Data provided -
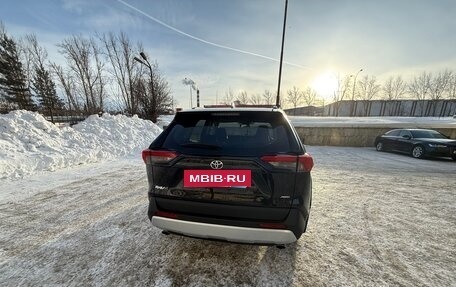 Toyota RAV4, 2024 год, 4 450 000 рублей, 7 фотография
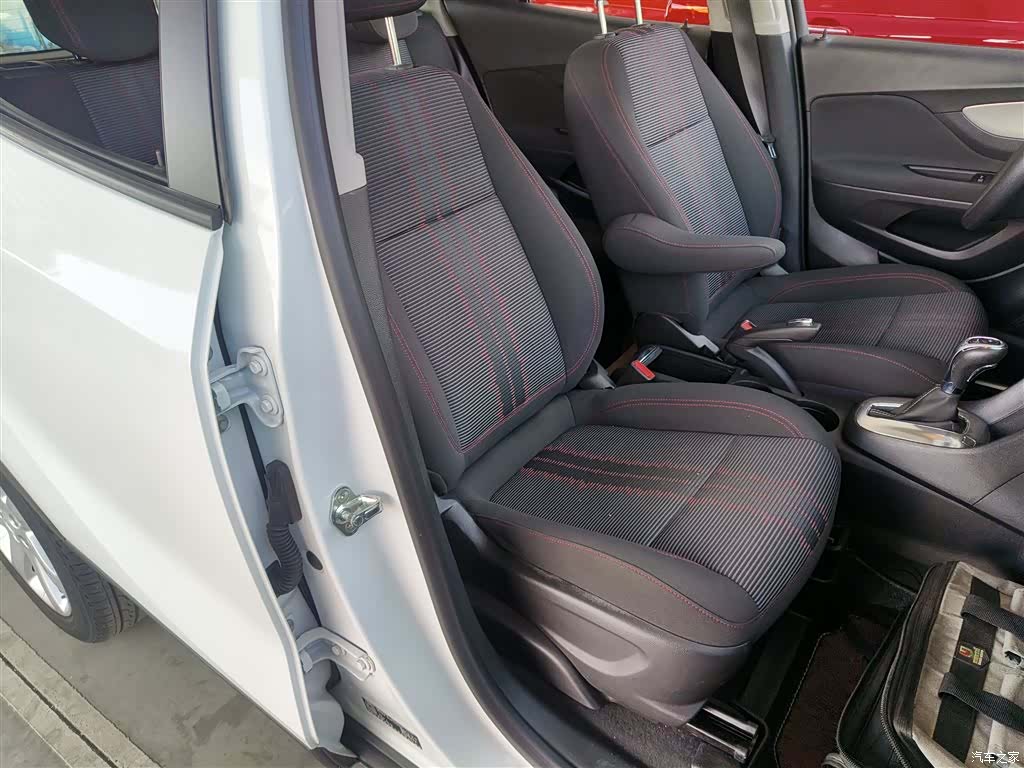 Buick Encore, 2016 25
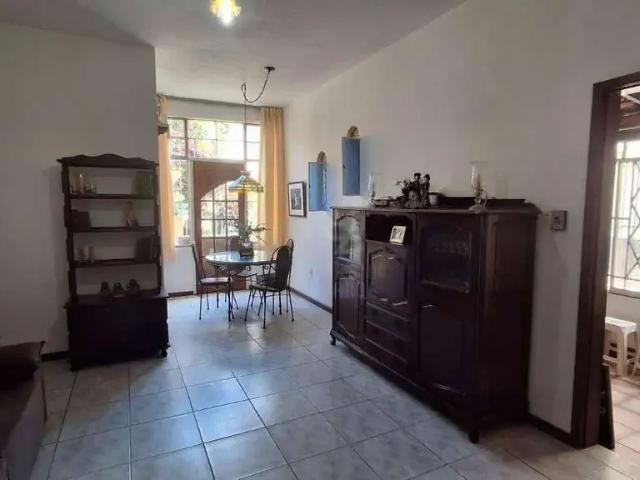 Casa / Sobrado para Venda em Niterói/RJ Icaraí 4 Quartos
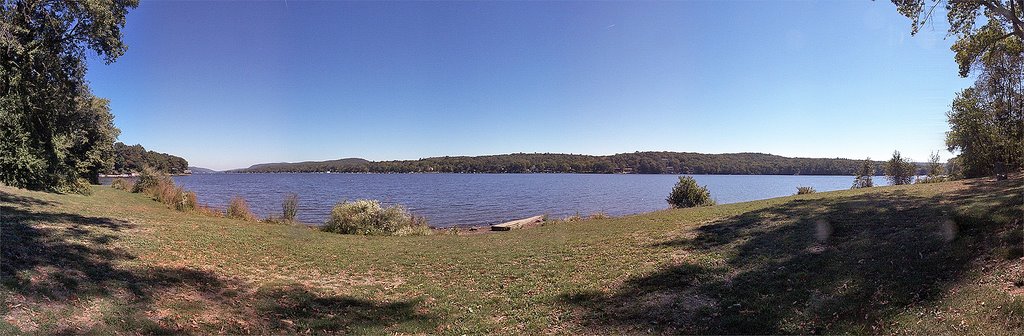 Greenwood Lake (Brown's Point Park), West Milford Township, N. J. by jsd'angelo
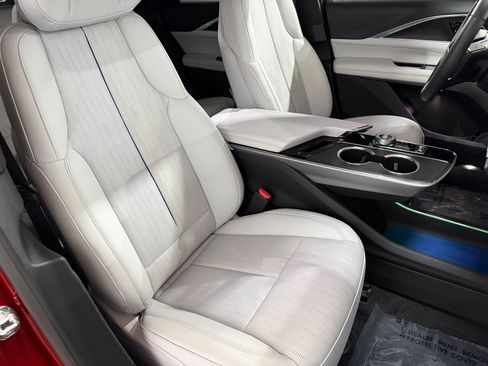 Certified 2024 Cadillac Lyriq Luxury RWD image 35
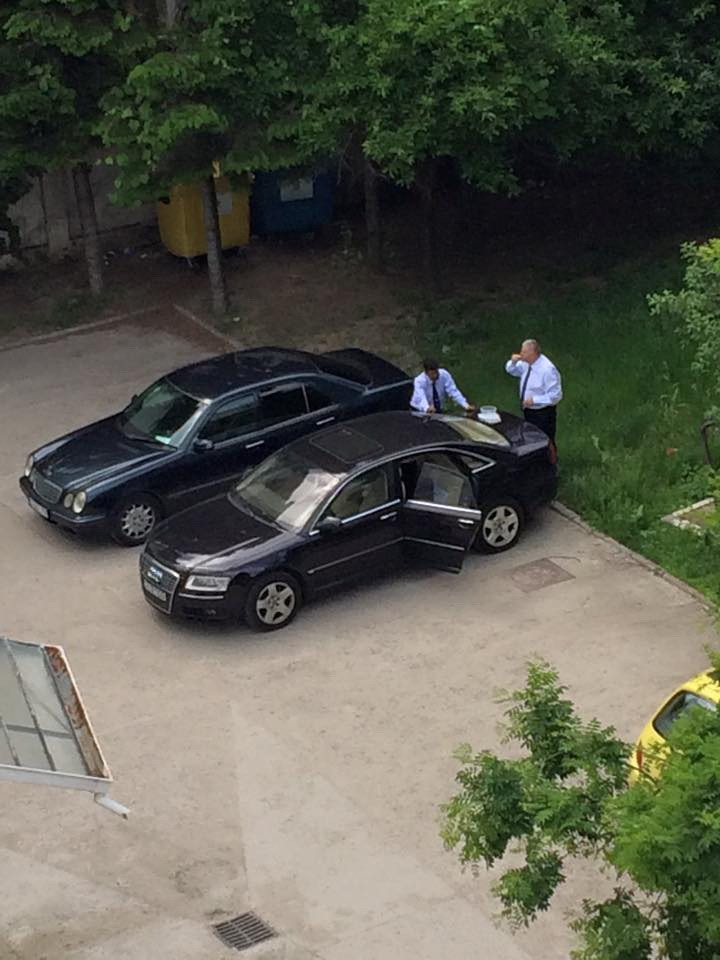 Cu siguranta nimeni de la Mercedes sau Audi nu s-a gandit ca masinile ar putea fi folosite pentru asta. FOTO din curtea PMP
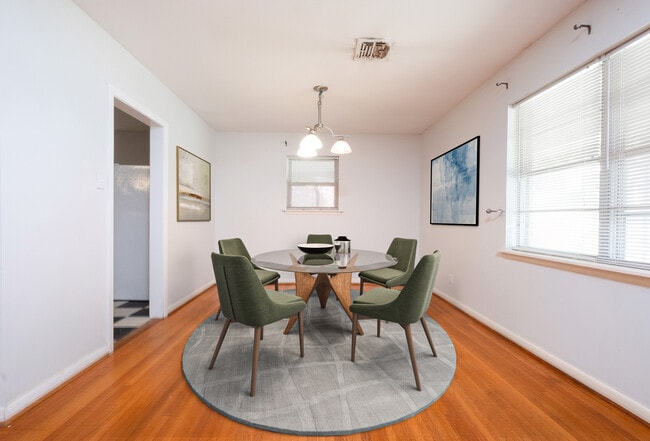 7403 L St, Little Rock, AR 72207 - photo 5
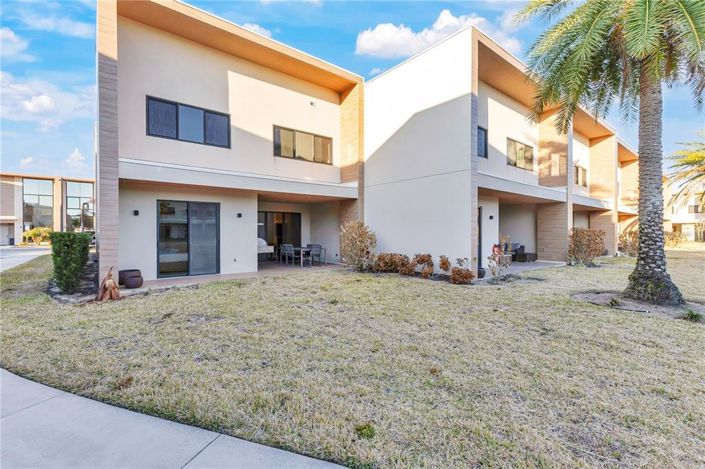 Image No.33-4 Bed Townhouse for sale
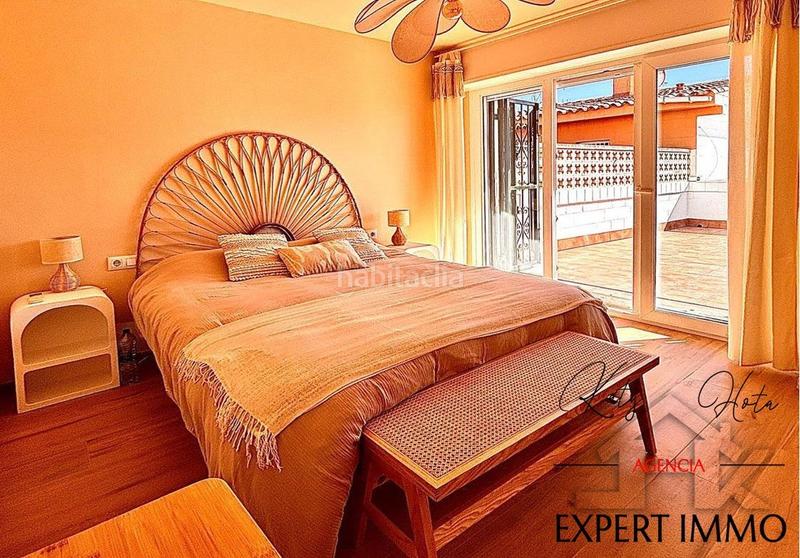 Foto 78cc66d4-d5a5-4f1a-bed1-ac179c8ebbaf. Casa à la venta villa con atraque , costa brava, barrio falconera en Empuriabrava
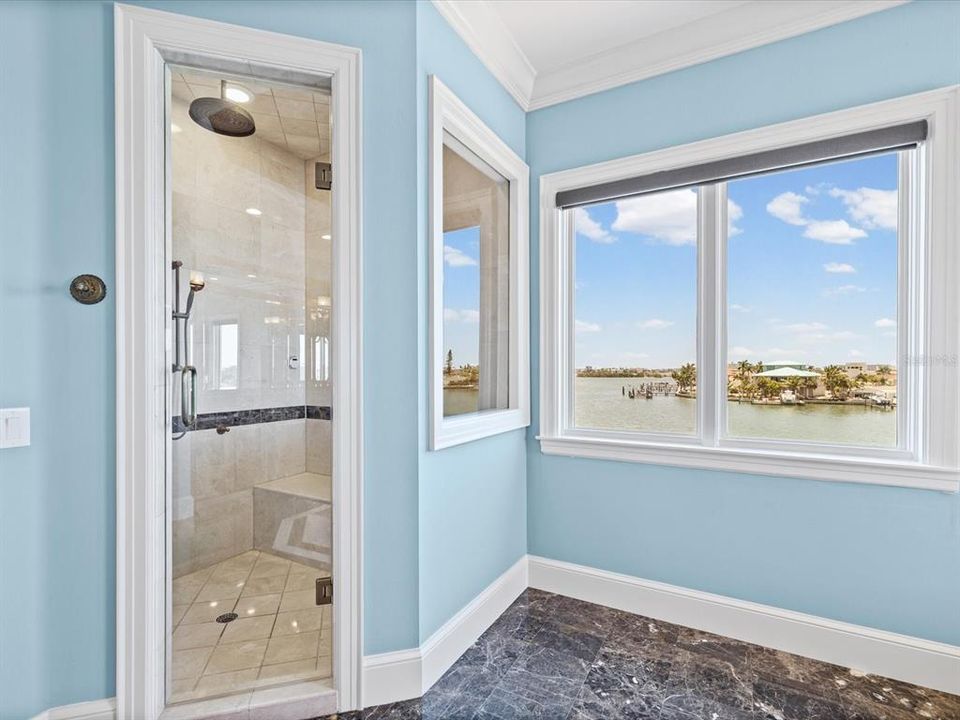 For Sale: $5,700,000 (4 beds, 4 baths, 5274 Square Feet)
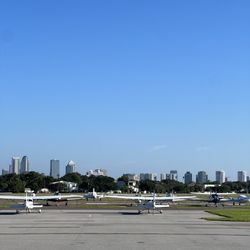 Peter O Knight Airport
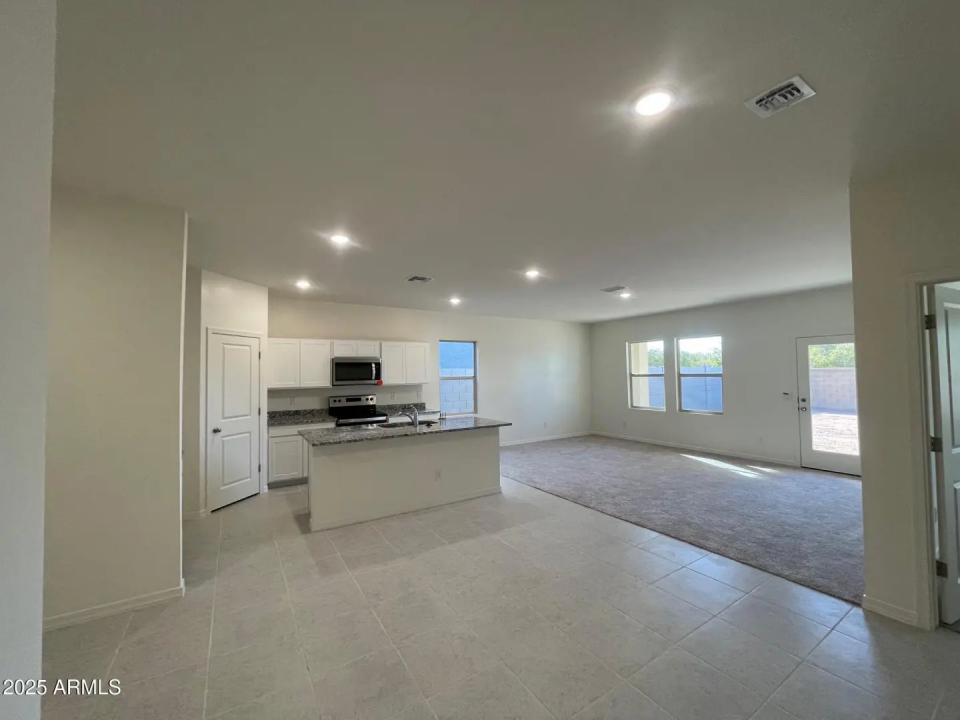 Real Estate Picture 5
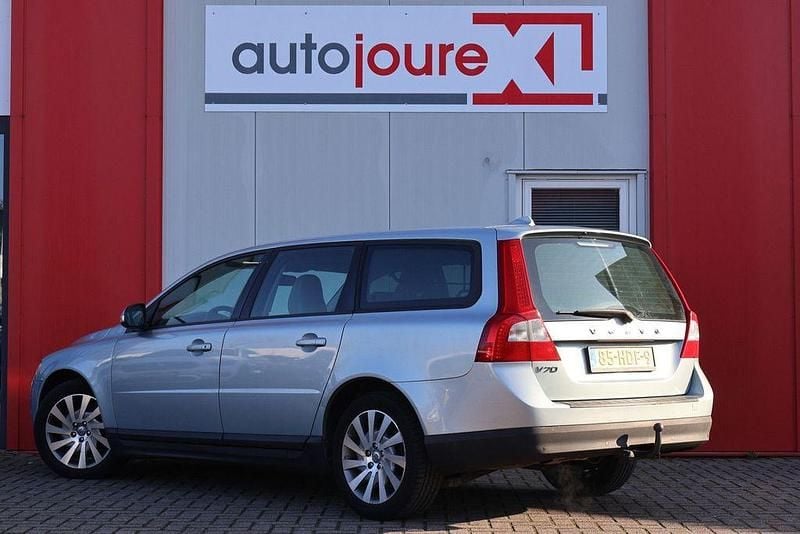 Gebraucht Volvo V70 136 PS (100 kW) 2008 Blau Kombi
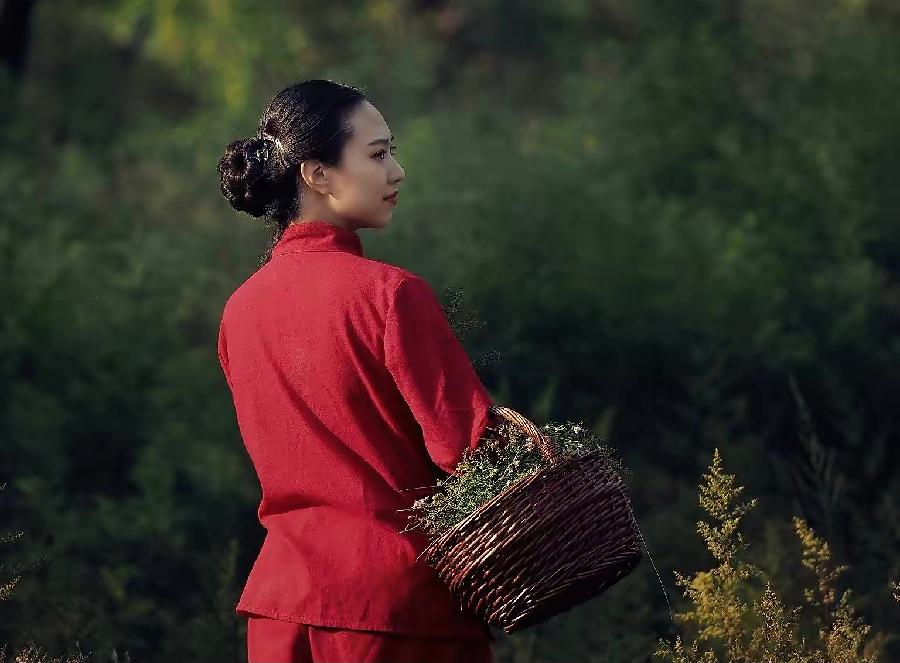 【新诗大观】花婶美得像朵花||文/沈五群(图5)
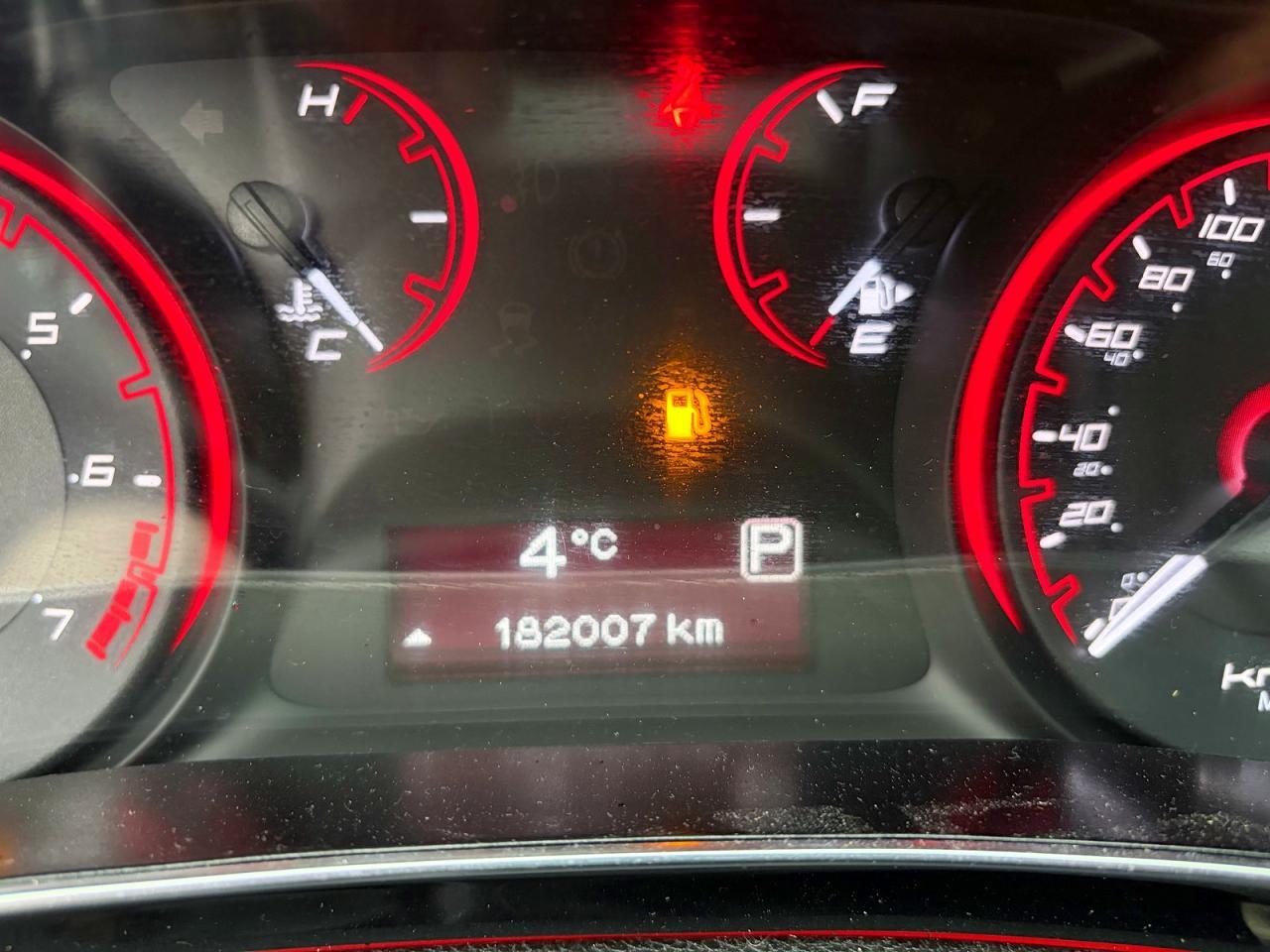 2015 Dodge Dart Sxt - zdjęcie 8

Task prompt - From first line to last, return the records verbatim without their pictures.

Solution for this task -
 Toyota RAV4, 2024 год, 4 450 000 рублей, 7 фотография
 Buick Encore, 2016 25
 Casa / Sobrado para Venda em Niterói/RJ Icaraí 4 Quartos
 Greenwood Lake (Brown's Point Park), West Milford Township, N. J. by jsd'angelo
 Certified 2024 Cadillac Lyriq Luxury RWD image 35
 Cu siguranta nimeni de la Mercedes sau Audi nu s-a gandit ca masinile ar putea fi folosite pentru asta. FOTO din curtea PMP
 7403 L St, Little Rock, AR 72207 - photo 5
 Image No.33-4 Bed Townhouse for sale
 Foto 78cc66d4-d5a5-4f1a-bed1-ac179c8ebbaf. Casa à la venta villa con atraque , costa brava, barrio falconera en Empuriabrava
 For Sale: $5,700,000 (4 beds, 4 baths, 5274 Square Feet)
 Peter O Knight Airport
 Real Estate Picture 5
 Gebraucht Volvo V70 136 PS (100 kW) 2008 Blau Kombi
 【新诗大观】花婶美得像朵花||文/沈五群(图5)
 2015 Dodge Dart Sxt - zdjęcie 8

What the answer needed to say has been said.